CfA astronomers Andrés F. Ramos-Padilla, Matt Ashby, Howard Smith, Rafael Martínez-Galarza, Aliza G. Beverage, Jeremy Dietrich, and Aaron Weiner have just published the results of a large study of 189 luminous galaxies, most of them merging systems. The team re-reduced the many datasets (as many as 34) needed to produce as systematic, self-consistent and detailed shape of the SEDs at wavelengths from the ultraviolet to the far infrared, and then modeled each SED using a computational code that quantifies the various processes and parameters, not only star formation rates and AGN activity but also stellar masses and evolutionary state, dust properties, and accretion details. In particular, the team investigated the fraction of the total luminosity that derived from the AGN versus the starburst, and compared that to other galaxy properties.
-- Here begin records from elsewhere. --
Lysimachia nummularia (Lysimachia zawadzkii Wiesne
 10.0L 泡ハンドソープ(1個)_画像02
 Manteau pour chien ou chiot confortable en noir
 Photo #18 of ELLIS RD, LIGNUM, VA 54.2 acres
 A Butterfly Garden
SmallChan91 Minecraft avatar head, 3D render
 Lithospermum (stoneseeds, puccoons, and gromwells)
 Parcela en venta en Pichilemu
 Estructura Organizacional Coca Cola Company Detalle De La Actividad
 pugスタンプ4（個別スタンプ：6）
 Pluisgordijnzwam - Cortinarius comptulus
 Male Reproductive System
The astronomers found that in about half of their sample, a galaxy's AGN contributed significantly (more than 20%) to the total luminosity. As a result, previous studies that used luminosity to infer star formation rates without taking the AGN into account are in error. Moreover, conclusions about galactic evolution based on comparing galaxies' masses and star formation rates (the so-called "main sequence of galaxies") are also inaccurate unless corrections were made for the AGNs' contributions to luminosity. Not least, the scientists obtain a corrected "main sequence" of galaxies and discover several outlier galaxies in the otherwise tight correlation. They suggest that the processes in such outliers might be more commonplace in luminous galaxies in the early universe, when star formation is known to have been much more active.

Reference(s):

"The Agn Contribution to the UV-FIR Luminosities of Interacting Galaxies and Its Role in Identifying the Main Sequence," Andrés F. Ramos P., M. L.N. Ashby, Howard A. Smith, Juan R. Martínez-Galarza, Aliza G. Beverage, Jeremy Dietrich, Mario-A. Higuera-G., and Aaron S.Weiner, MNRAS 499, 4325, 2020.